Michigan pitcher Megan Betsa, ranked No. 1 in the NCAA in strikeouts, whirls her arm back and pitches straight into Kufta’s zone.
Betsa struck out Juli Strange and Amanda Brashear, but freshman Kufta doesn’t hesitate and swings – hard. Her bat connects with Betsa’s classic “spinny” pitch, as head coach Julie Wright described it, sending it flying over the left field wall to put Maryland up early, 1-0.
Since Big Ten play began, Strange, Brashear and Kufta have consistently held the first three spots of the Terrapins’ lineup, driving Maryland’s scoring ability up and down the lineup.
Strange, a fast runner with a talent for drawing walks, didn’t appear in the leadoff spot until March 18 against Buffalo. For most of pre-conference play, that position was held by center fielder Brashear.
“[Strange] has a really nice on-base percentage for a leadoff,” Wright said.
That Buffalo game, the first time the combination of Strange, Brashear and Kufta (in that order) appeared in the lineup, was a 6-3 win for Maryland, its fourth victory of the season.
And guess who scored the runs. One for Strange, one for Brashear and two for Kufta.
This potent combination has a chemistry found with few other leadoff combinations for the Terps, and after Maryland’s success against No. 18 Michigan, it seems to be Wright’s lineup of choice.
Each of their individual skills play to each position, a dynamic that has lit up the Terrapins’ scoring ability.
Strange, who has a .429 on-base percentage, gets on base nearly half the time, occasionally hitting a home run like in the bottom of the fourth against Michigan – Strange follows only Kufta in home runs.
“When the bottom of the lineup gets hot, then she’s in the position to get an RBI at the top,” Wright said.
Brashear, a former leadoff hitter, was moved to second because of her slapping style.
“Amanda’s really good at moving runners,” Wright said. “When Juli gets on, she can bunt her over or soft slap her over.”
The freshman is reliable, not flashy. While she isn’t the batter who is likely to hit a grand slam, her self-assured attitude lends her consistency.
“I can count on Juli to get on… I know what my job is,” Brashear said. “My job is to move her because Anna has the ability to hit a home run or hit to the outfield to score Juli.”
Then, after Strange makes it on base and Brashear bunts her over, there’s Kufta, ready to drive them in.
Hailing from Huntington Beach, California, Kufta is a “pure hitter,” as Wright put it.

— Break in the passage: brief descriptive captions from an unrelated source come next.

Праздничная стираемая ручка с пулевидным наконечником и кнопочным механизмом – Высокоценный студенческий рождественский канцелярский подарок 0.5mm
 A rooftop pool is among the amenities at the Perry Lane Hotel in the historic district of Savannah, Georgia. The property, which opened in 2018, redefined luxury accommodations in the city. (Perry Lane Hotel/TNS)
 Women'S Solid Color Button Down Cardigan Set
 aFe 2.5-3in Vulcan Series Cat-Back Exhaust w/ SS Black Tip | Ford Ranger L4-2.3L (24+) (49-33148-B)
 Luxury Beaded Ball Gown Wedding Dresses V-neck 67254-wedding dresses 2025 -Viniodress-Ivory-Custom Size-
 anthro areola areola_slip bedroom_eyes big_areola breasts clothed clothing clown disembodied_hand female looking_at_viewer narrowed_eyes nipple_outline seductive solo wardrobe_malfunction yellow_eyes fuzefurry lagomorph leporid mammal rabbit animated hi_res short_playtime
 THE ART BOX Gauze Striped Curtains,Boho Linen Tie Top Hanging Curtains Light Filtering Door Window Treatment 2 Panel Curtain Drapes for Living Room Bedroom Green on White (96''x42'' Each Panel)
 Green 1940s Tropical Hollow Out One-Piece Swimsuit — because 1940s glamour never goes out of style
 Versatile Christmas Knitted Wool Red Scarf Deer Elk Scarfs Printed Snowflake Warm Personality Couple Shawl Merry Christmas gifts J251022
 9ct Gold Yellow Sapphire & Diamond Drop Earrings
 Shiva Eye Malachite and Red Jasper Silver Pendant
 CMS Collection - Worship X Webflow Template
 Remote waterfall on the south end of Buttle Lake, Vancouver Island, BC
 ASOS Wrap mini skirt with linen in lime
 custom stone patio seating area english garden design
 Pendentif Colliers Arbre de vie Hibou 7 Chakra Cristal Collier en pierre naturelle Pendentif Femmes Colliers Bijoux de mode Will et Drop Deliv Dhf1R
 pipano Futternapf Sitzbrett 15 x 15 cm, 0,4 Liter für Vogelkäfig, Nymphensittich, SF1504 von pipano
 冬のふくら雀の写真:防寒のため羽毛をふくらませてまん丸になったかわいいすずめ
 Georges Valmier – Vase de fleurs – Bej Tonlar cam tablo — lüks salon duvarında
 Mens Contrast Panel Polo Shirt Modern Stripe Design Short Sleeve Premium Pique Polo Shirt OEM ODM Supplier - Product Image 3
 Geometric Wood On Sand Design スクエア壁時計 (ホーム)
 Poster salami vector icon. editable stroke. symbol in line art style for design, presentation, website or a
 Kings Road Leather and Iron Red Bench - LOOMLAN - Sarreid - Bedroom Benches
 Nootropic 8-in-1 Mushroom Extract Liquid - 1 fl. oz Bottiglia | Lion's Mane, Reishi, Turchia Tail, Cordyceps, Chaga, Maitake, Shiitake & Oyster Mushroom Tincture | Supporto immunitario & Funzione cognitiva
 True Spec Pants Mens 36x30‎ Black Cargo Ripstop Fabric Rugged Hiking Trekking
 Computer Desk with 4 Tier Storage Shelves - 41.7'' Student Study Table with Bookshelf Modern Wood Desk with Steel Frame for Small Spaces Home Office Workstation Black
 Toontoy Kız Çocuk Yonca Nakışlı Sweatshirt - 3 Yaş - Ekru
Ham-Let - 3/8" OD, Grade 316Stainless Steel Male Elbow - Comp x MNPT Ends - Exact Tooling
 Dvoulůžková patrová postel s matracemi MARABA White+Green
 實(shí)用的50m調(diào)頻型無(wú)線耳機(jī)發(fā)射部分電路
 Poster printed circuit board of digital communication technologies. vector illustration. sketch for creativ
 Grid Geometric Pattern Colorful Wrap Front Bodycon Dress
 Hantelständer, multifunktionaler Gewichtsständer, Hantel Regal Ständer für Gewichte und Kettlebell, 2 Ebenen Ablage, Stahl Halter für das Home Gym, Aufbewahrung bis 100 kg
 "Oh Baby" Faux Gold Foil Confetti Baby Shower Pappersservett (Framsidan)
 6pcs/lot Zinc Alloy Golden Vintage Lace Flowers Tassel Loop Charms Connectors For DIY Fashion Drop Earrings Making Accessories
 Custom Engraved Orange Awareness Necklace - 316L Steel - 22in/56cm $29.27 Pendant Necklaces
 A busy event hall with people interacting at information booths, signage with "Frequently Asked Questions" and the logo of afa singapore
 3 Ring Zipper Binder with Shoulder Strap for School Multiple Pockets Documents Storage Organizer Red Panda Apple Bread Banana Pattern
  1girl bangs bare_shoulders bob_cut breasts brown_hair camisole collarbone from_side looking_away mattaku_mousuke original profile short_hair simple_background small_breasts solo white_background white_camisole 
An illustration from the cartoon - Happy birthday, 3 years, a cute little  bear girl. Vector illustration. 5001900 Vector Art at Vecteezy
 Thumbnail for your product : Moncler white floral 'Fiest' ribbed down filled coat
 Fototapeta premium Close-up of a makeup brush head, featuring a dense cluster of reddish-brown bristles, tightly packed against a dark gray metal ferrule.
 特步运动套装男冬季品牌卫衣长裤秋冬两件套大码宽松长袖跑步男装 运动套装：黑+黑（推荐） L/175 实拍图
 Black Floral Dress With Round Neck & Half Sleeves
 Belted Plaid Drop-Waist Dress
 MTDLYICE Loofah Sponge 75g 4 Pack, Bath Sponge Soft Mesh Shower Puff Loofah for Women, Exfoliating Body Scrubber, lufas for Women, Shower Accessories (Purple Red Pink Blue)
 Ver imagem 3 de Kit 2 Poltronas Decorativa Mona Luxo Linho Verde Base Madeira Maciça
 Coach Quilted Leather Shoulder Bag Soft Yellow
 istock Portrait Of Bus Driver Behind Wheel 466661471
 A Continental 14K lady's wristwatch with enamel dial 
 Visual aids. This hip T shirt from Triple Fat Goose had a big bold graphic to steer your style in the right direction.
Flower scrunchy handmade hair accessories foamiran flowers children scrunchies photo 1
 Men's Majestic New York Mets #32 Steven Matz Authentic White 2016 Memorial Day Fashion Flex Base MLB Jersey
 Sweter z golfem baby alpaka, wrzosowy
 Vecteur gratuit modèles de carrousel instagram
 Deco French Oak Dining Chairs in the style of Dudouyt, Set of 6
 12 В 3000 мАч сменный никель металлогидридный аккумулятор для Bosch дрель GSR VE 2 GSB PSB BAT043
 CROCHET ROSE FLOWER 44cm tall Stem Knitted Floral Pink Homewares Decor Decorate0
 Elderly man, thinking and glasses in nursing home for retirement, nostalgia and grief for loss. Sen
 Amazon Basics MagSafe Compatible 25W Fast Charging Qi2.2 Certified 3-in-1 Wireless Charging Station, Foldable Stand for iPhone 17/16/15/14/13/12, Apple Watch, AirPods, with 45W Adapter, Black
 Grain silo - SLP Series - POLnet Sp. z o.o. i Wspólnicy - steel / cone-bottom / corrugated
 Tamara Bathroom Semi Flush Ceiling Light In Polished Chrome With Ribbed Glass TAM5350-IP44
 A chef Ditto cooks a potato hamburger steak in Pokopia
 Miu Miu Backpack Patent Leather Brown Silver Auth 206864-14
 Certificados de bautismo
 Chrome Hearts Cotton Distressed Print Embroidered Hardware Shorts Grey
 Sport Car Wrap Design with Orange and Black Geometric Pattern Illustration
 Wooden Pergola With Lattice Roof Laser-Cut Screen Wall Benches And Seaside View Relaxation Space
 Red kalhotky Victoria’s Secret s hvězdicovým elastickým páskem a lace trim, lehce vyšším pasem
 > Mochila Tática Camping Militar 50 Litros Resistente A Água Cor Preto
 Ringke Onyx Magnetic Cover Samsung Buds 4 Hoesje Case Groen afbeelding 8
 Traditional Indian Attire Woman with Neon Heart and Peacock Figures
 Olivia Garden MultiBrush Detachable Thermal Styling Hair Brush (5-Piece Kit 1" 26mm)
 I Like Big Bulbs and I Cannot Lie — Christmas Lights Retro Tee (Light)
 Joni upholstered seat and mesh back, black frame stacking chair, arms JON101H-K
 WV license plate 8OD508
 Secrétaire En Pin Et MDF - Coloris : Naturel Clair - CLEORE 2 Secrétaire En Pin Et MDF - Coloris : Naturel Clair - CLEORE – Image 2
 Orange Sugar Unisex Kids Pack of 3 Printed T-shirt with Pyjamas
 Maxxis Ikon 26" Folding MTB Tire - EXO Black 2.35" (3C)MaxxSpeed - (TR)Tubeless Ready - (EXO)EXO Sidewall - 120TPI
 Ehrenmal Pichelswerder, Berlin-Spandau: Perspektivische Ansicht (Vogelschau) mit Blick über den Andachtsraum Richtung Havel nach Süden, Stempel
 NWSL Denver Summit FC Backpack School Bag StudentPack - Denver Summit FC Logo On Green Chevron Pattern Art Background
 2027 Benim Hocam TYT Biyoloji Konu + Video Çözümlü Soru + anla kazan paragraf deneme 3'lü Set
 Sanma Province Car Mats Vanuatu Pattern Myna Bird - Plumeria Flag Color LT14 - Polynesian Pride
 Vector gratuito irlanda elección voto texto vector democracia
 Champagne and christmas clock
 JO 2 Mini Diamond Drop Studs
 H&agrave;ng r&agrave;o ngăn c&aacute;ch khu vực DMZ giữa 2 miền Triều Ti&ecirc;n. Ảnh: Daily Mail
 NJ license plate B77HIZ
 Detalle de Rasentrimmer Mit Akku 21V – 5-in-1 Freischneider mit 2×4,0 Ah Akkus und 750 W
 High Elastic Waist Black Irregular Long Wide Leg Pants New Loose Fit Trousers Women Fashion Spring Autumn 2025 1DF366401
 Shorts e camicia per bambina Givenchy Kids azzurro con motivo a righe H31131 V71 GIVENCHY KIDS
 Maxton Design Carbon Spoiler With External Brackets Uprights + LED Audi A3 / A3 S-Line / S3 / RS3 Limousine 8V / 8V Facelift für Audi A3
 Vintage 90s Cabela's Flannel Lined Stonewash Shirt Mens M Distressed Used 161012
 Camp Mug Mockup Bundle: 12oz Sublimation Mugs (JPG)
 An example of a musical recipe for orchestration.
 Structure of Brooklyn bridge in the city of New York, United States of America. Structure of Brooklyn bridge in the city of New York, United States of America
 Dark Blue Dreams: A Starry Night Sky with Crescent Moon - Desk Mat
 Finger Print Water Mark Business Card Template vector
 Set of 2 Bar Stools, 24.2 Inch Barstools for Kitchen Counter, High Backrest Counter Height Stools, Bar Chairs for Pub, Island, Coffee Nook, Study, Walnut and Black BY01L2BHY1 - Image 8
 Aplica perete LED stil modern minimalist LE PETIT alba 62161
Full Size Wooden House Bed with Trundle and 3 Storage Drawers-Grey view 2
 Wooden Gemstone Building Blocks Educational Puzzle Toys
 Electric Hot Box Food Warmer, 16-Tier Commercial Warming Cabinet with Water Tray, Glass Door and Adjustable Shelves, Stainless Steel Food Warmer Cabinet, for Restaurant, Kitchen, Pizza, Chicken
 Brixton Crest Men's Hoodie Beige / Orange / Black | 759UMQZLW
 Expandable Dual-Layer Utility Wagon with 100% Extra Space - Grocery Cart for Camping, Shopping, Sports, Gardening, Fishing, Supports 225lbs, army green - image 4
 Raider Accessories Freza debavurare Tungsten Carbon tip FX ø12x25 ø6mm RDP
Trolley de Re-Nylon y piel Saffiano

She leads the team in batting average, slugging percentage and home runs.
“She’s got the best eye at the plate,” Wright said. “I’m very comfortable with her when the game matters.”
This rhythm drives the Terrapins’ offense, setting the tone for the rest of the lineup.
Up against Indiana this weekend, which is ranked second in the Big Ten in fielding, strong hitting is critical to the Terps success.Strange, Brashear and Kufta are looking to continue to provide it.
The Terps face the Hoosiers in Bloomington, Indiana, at 1 p.m and 3 p.m. in a Friday doubleheader and at 1 p.m. Sunday.